*Task statement*. Verbatim copy, pictures excluded: every line from the one with "This app key" through the final line of the data below, and no other line.

*Data supplied*.
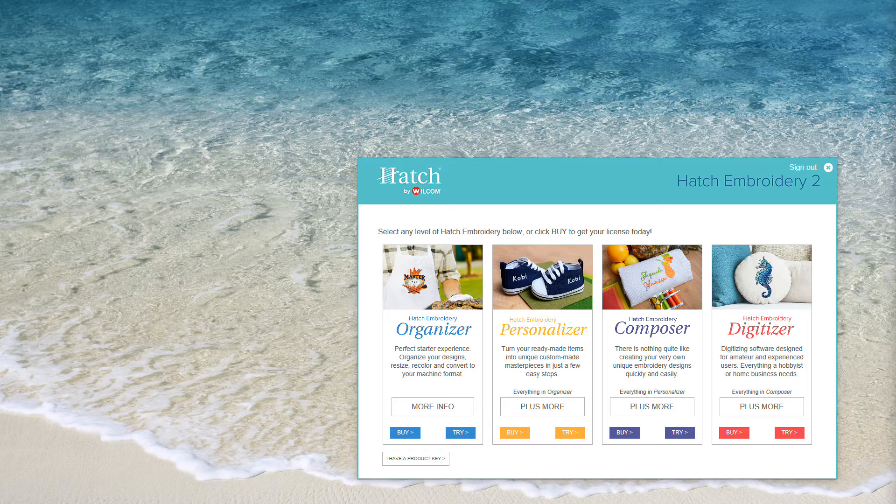Welcome to Hatch. In this video, we'll take a guided tour of the software. Let's get started.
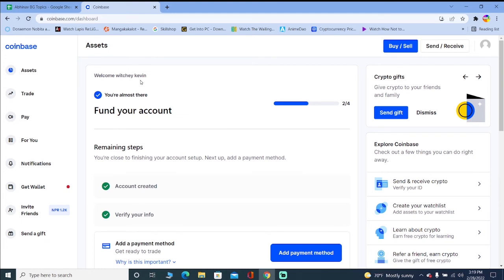Then the only way to fix that problem is to wait until Coinbase allows you to buy and sell that crypto again. Because it's Coinbase, until and unless they decide, you can't do anything. So the only thing you can do is wait. If a coin gets delisted or suspended on Coinbase, the only thing you can do is wait.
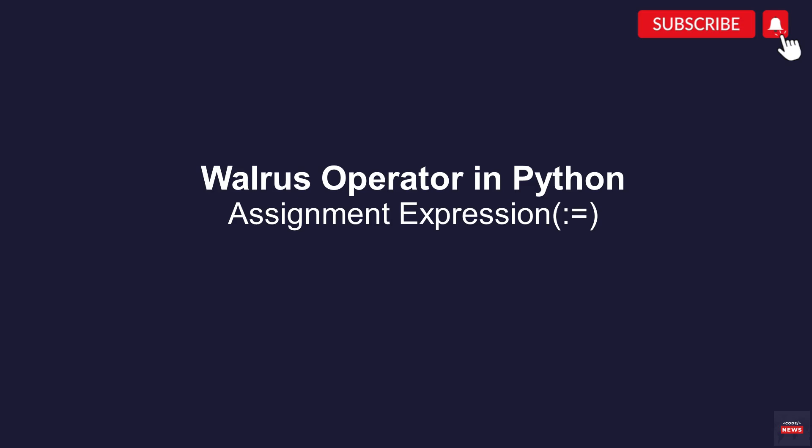Hi everyone. In this video, you will learn about the biggest change when Python 3.8 was introduced.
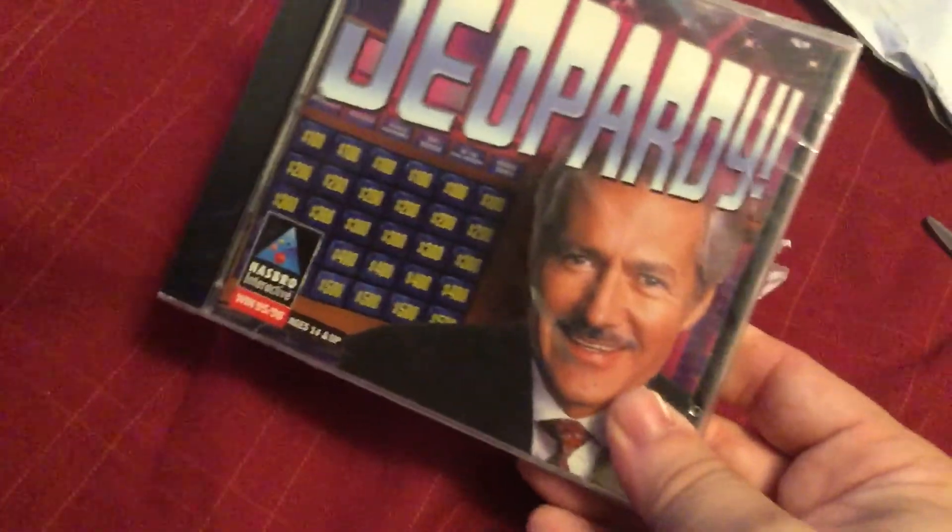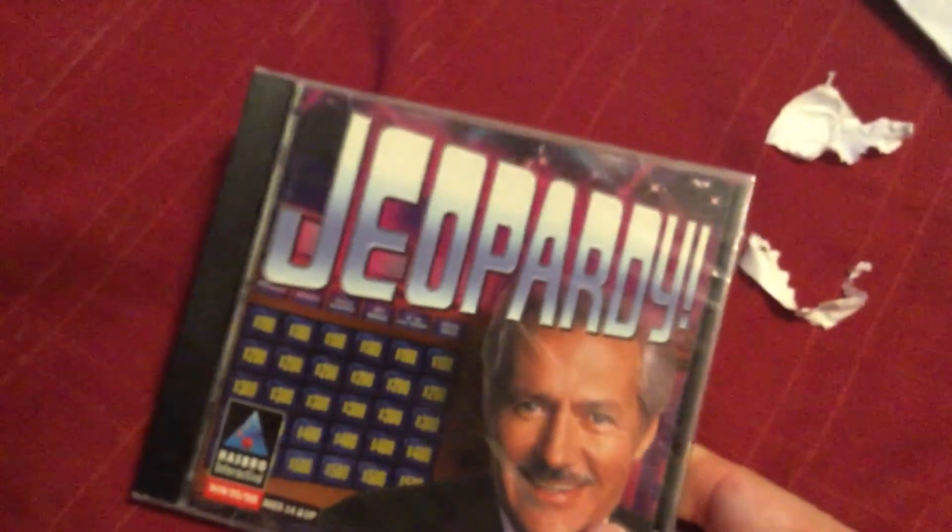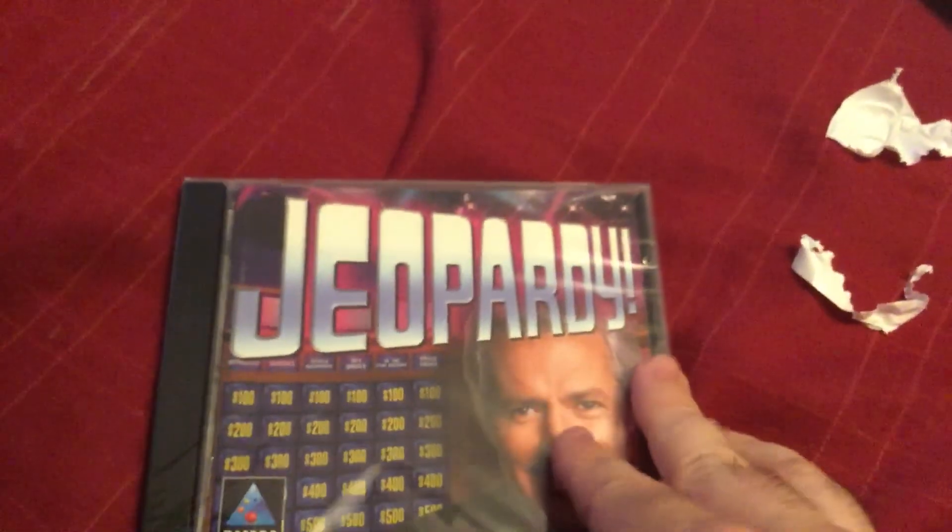There it is folks, the 1998 PC version of Jeopardy.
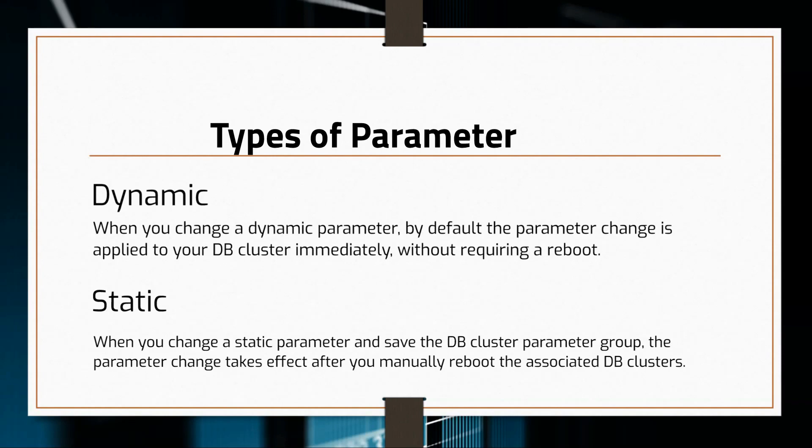Also, it's important to set any parameters that are related to character set or collation of your database in the parameter group before creating the DB instance.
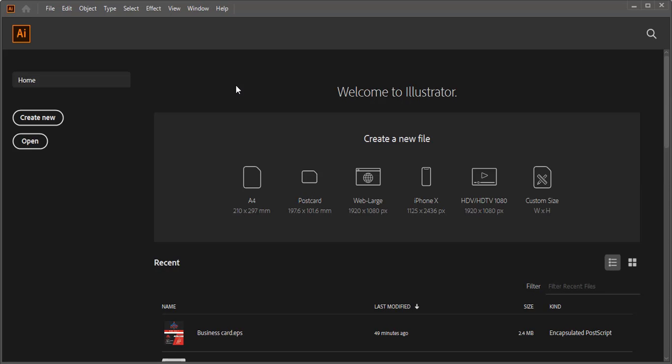Welcome back to Graphic Island tutorial. In today's video we'll develop a business card.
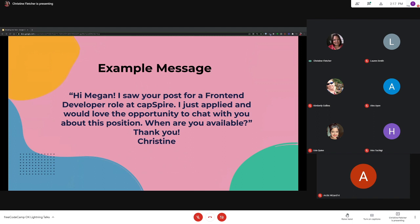So I was able to get several interviews in this way. It was well worth the time. Pretty sure sending this message helped get my foot in the door at Caps Fire. I interviewed with Megan that day and was hired within a week.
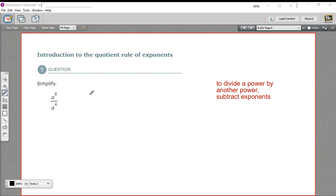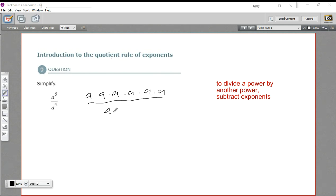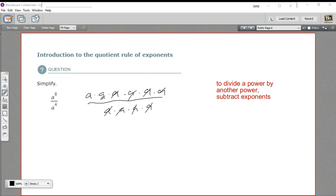So let's look at the top here. We have a to the sixth — that's a multiplied by itself six times. On the bottom, we have a to the fourth, so a times a times a times a. You may know that if you've got something the same on the top and the bottom, when all the things are multiplied, you can cancel. So this a cancels with this a, this a cancels with this a, this a cancels with this a, this a cancels with this a. And we just have those two a's multiplied by each other left. So our answer is a squared.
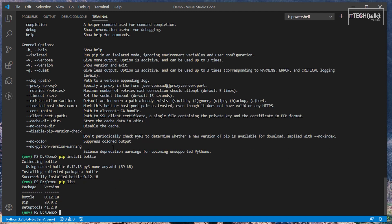When you want to uninstall a package, type PIP uninstall and the name of the package.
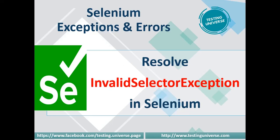Hey guys, welcome back to Testing Universe. As part of our Selenium exceptions and errors series, in this video we are going to resolve InvalidSelectorException. Let's see when exactly we get this particular exception.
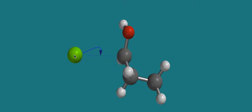You might imagine the electrons, one of the lone pairs from the chloride, forms a bond, shares those electrons between this chloride and the carbon to form a new molecule.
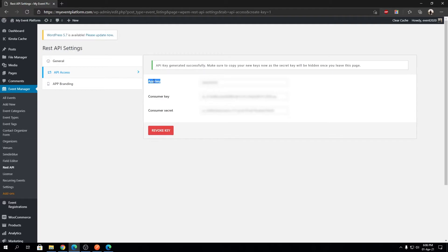This app key will be used in WP Event Manager's companion app, or the organizer app, which is available right now in the Play Store and Apple App Store — go ahead and download it. The app key is used on the app side so the app can communicate with your server using the app key.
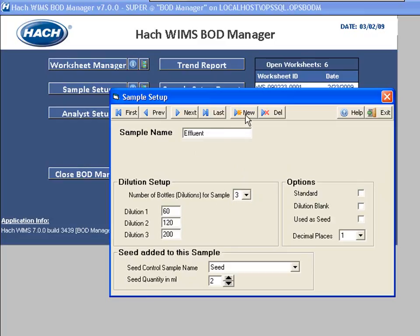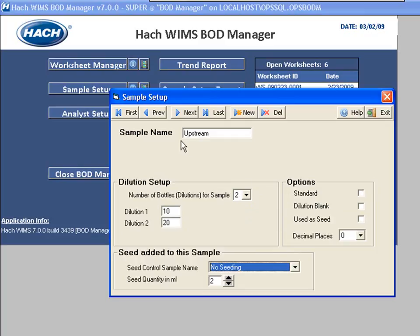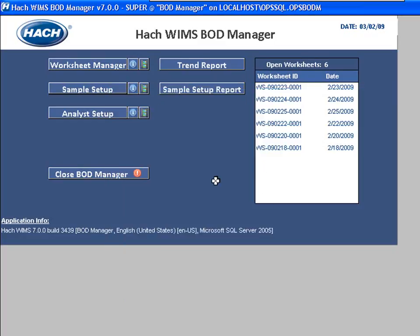To create a new sample I just click New. Let's say I've got to do an upstream sample — I type in 'upstream,' choose how many bottles I want to run, let's say two, with dilutions of 10 and 20. I don't seed it, so I check no seeding. None of the other options apply. I can exit, and any way that I move off that record it's saved. That's all there is to sample setup — thank you.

*Result for this exercise*.
This app key will be used in WP Event Manager's companion app, or the organizer app, which is available right now in the Play Store and Apple App Store — go ahead and download it. The app key is used on the app side so the app can communicate with your server using the app key.
To create a new sample I just click New. Let's say I've got to do an upstream sample — I type in 'upstream,' choose how many bottles I want to run, let's say two, with dilutions of 10 and 20. I don't seed it, so I check no seeding. None of the other options apply. I can exit, and any way that I move off that record it's saved. That's all there is to sample setup — thank you.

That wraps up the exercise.